In "Nobody," the deceptively up-tempo, new single from her upcoming album, Be The Cowboy, Mitski grapples with a lingering loneliness – an emptiness that even her own celebrity can't erase.

"I've been big and small," she sings. "But still nobody wants me." The retro, electronically driven single is slicker than her previous releases, but the chords in "Nobody," like her emotional dilemma, never quite seem to resolve.

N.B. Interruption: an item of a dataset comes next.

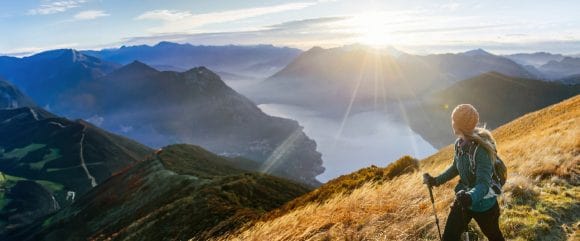 Woman hiking in the mountains, looking at the sun shining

The accompanying video for "Nobody," with cartoon-like expressiveness and primary-colored scenes, recalls the pop art of Roy Lichtenstein. Directed by Christopher Good, it opens with a warped imitation of a classic diner scene: two diametrical Mitskis stare blankly at each other in a leather booth, sipping sand from an hourglass. Thus begins an oddly nightmarish sequence of scratched up faces, gold magnifying glasses and absurdly proportioned diaries. The surrealism gradually unveils Mitski's deepening alienation. Arms dangle from canary-yellow walls like silk garments off of a rack; she grabs one of them and tenderly holds its hand. Her fame has subjected her to scrutiny and adoration, but she seems to say she's still a nobody, unknown and unloved.

Her new record, Be the Cowboy, comes out August 17 on Dead Oceans.